Uyuşmazlık, dava konusu çeklerin davalı bankaya teminat olarak verilip verilmediği noktasından kaynaklanmaktadır.
6102  sayılı TTK'nun 689. (6762 sayılı TTK md. 601) maddesine göre cironun rehin cirosu olabilmesi için senet üzerinde “bedeli teminattır” "bedeli rehindir” ibaresini veya rehnetmeyi belirten diğer bir kaydı taşıması gerekmektedir.
 Çekte bu anlama gelecek bir ibare yoksa söz konusu cironun 6102 sayılı TTK'nın 818/1-d maddesi atfıyla 684/1.maddesi (6762 sayılı TTK'nın 730/1-4 maddesinde yapılan atıfla 597. maddesi) hükmü uyarınca temlik cirosu olduğunun kabulü gerekir. 6102 sayılı TTK'nun 687 (6762 sayılı TTK md. 599) maddesi uyarınca keşideci ile lehtar arasındaki hukuki ilişkiden Kaynaklanan şahsi def'ilerin ciro yolu ile hamil olan ve yakın taraf sayılamayan davalı bankaya karşı ileri sürülebilmesinin çekin iktisabında bile bile borçlunun zararına hareket etmiş olma şartına bağlıdır.(Yargıtay 19. HD'nin 2014/7048  E.2014/9030 K., 2015/2696 E. 2015/7452 K., 2013/6079 E.  2013/9106 K., 2014/10394 E.2015/8019 K.)
Çek tevdi bordrosunda, çekin teminat için verildiğinin açıklanması ciranta ile  yetkili hamil arasındaki ilişki olup, davacıyı bağlamaz ve cironun niteliğini etkilemez.

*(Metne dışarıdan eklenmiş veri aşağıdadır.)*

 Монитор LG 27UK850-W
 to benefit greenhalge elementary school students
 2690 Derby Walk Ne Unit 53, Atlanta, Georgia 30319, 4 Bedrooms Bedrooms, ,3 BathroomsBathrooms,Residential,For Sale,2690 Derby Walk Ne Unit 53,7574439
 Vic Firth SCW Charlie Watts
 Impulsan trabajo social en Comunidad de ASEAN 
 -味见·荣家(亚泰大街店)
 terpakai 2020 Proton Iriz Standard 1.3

Bankanın  kötüniyetli hamil olduğu kanıtlanmadıkça bu şekildeki def’iler ona karşı ileri  sürülemeyeceği gibi cevap dilekçesinde, çeklerin bankanın kredi alacağına karşılık teminat teşkil etmek üzere alındığı beyan edilmiş olsa dahi, çekte rehin cirosu anlamına gelen bir kayıt bulunmadığı takdirde devrin temlik cirosu ile yapıldığı, davalının yetkili hamil olduğu kabul edilmelidir.

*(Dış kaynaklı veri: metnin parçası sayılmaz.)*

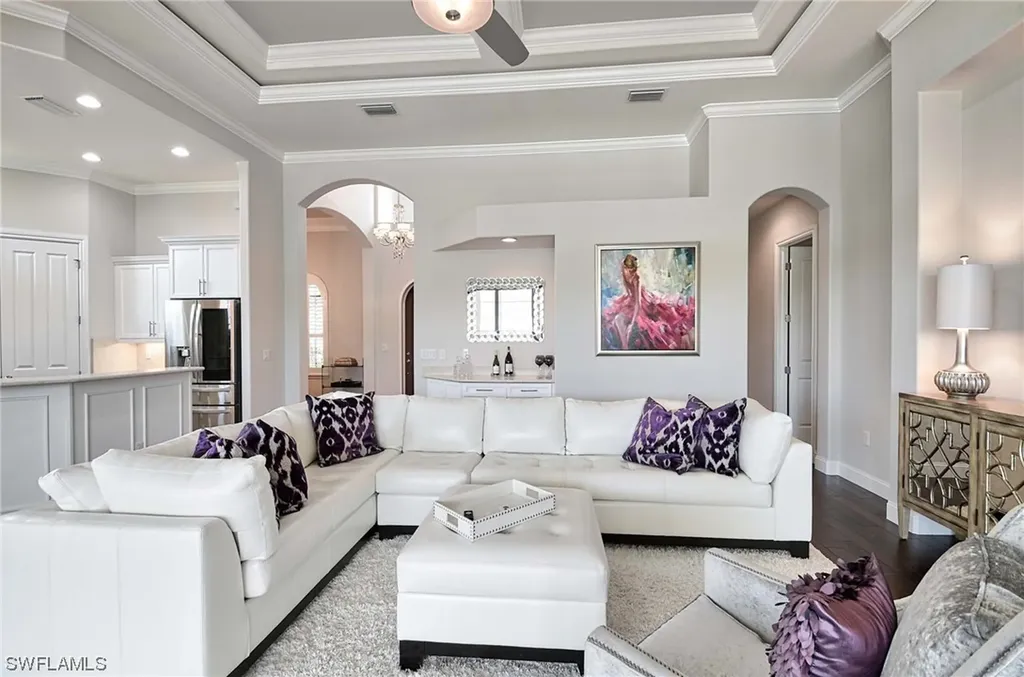 6344 Serano Way Naples FL 34113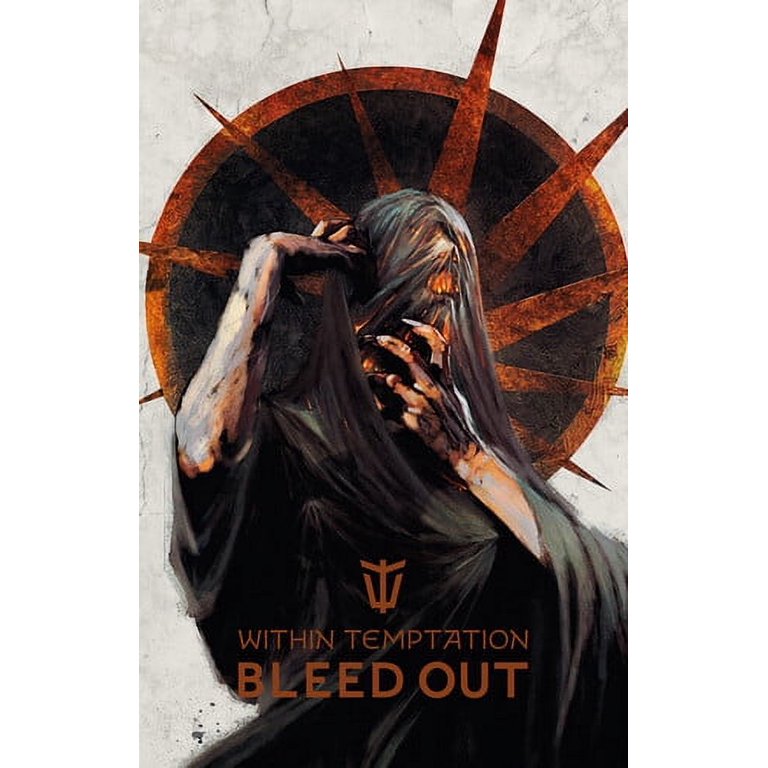 【廃盤】Bleed from within / Humanity Bleed From Within – Humanity – CD (Album), 2009 [r5032559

Tüm bu nedenlerle, ilk derece mahkemesinin dava konusu çeklerin davalı bankaya  temlik cirosu ile devredildiği, bankanın çeklerin bedelsizliğini bilerek davacının zararına ve kötü niyetli olarak hareket ettiği konusunun ispat edilemediği, davacının lehtara karşı ileri sürebileceği şahsi def'ini ciro yoluyla çeklere hamil olan davalı bankaya karşı ileri sürülemeyeceği gerekçesiyle davalı banka aleyhine açılan davanın reddine ilişkin verilen kararın usul ve esas yönden hukuka uygun olduğu anlaşıldığından, davacı vekilinin istinaf başvurusunun esastan reddine karar verilerek aşağıdaki şekilde hüküm kurulmuştur…”

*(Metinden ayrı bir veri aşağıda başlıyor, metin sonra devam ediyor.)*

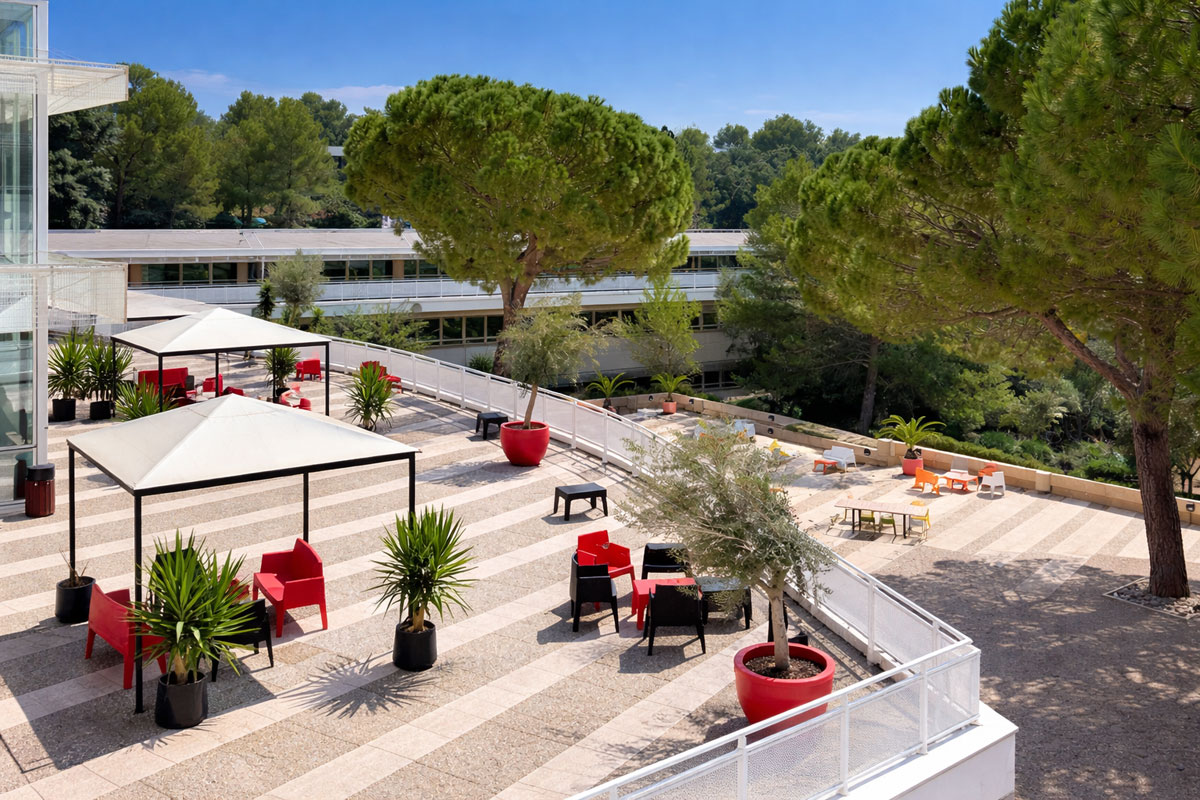 DSTI School of Engineering 8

Temlik cirosunun en önemli sonuçlarından birisi de, iyiniyetli hamile karşı şahsi defilerin ileri sürülmesini imkansız hale getirmesidir:
19.HD’nin 04/02/2020 gün, 2018/1652 Esas, 2020/246 Karar
“…İlk derece mahkemesince, davaya konu edilen çeklerin davacılar tarafından aralarındaki sözleşme gereğince ilerde teslim edilecek mallar karşılığında davalılar Çevik İz İnş. Taah. Nak. San. ve Tic. Ltd. Şti.'ne teslim edildiği, davalılar tarafından bu çeklerin karşılığında herhangi bir mal veya hizmet ifasında bulunulmadığı, davaya konu çeklerin davacıya iade edileceğine dair taraflar arasında protokol yapılmasına rağmen çeklerin iade edilmediği, bu nedenle çeklerin sözleşmenin tarafları bakımından bedelsiz kaldığı, bedelsizlik def'inin şahsi def'ilerden olduğu, ancak taraflar arasında ileri sürülebileceği, davaya konu çekin davalı … Ltd. Şti.'ne temlik cirosu ile  ciro edildiği, bilahare bu şirket tarafından da  kredi sözleşmesi kapsamında alınan kredinin tahsili amacı ile davalı bankaya temlik cirosu ile ciro edildiği, çek üzerinde rehin cirosu olduğuna dair kayıt bulunmadığı, mevcut delillere göre cironun temlik cirosu olarak kabul edilmesi gerektiği, bankanın çeklerin bedelsizliğini bilerek davacının zararına ve kötüniyetli olarak hareket ettiği konusunda herhangi bir delilin getirilmediği, davacının açıklanan şahsi def'ini davalı bankaya karşı ileri süremeyeceği gerekçesiyle davalı Yapı Kredi Bankası A.Ş.  hakkındaki davanın reddine, diğer davalılar  yönünden davanın kabulüne karar verilmiş, hükme karşı davacılar vekili tarafından istinaf kanun yoluna başvurulmuştur.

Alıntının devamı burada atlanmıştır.